To simplify things a bit, note that the integral over $$\omega$$ is itself a one dimensional inverse
Fourier transform. In particular if we define
$$
q_\theta(\omega) = \hat{p}_\theta(\omega) \vert \omega \vert
$$
then the inner integral is just
$$
\mathcal{F}^{-1}[q_\theta](x \cos \theta + y \sin \theta)
$$
So overall
$$
f(x, y) = \int_0^\pi \mathcal{F}^{-1}[q_\theta](x \cos \theta + y \sin \theta) \mathrm{d} \theta
$$
### Discretization
We'll replace the continuous Fourier transforms with DFTs as before.
The only remaining integral (i.e. that's not stuffed inside a Fourier transform) is over $$\theta$$,
so most quadrature techniques will want samples of the integrand that are evenly spaced in
$$\theta$$. We want the pixels in our resulting image to lie on a cartesian grid, so our integrand
samples should be evenly spaced in $$x$$ and $$y$$ as well.

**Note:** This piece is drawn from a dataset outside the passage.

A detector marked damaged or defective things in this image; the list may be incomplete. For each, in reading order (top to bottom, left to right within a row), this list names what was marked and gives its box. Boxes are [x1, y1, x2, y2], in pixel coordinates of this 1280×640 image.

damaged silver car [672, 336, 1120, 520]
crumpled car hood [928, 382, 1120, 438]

How do we compute $$\mathcal{F}^{-1}[q_\theta]$$? We are given samples of $$p_\theta(r)$$ on a polar
grid. Using the DFT, we can get samples of $$\hat{p}_\theta(\omega)$$. They will be for the same
$$\theta$$ values, and evenly spaced frequency values $$\omega$$. So if we just multiply by $$\vert
\omega \vert$$, we get the corresponding samples of $$q_\theta(\omega)$$. Finally we just take the
inverse DFT and we have samples of $$\mathcal{F}^{-1}[q_\theta]$$ on a polar grid -- namely at the
same $$(r, \theta)$$ points we started out with.
This works out perfectly for $$\theta$$: we can take the samples we naturally end up with and use
them directly for quadrature. For $$r$$, on the other hand, the regular samples we end up with won't
line up with the values $$x \cos \theta + y \sin \theta$$ that we want. So we'll still have to do
some interpolation. But now it's a simple 1D interpolation problem that's much easier to do without
introducing as much error. In particular, we only have to do interpolation in the spatial domain, so
errors will only accumulate locally. [Lanczos
resampling](https://en.wikipedia.org/wiki/Lanczos_resampling) would probably be the best, but I'll
just use Catmull-Rom again since I already have it implemented.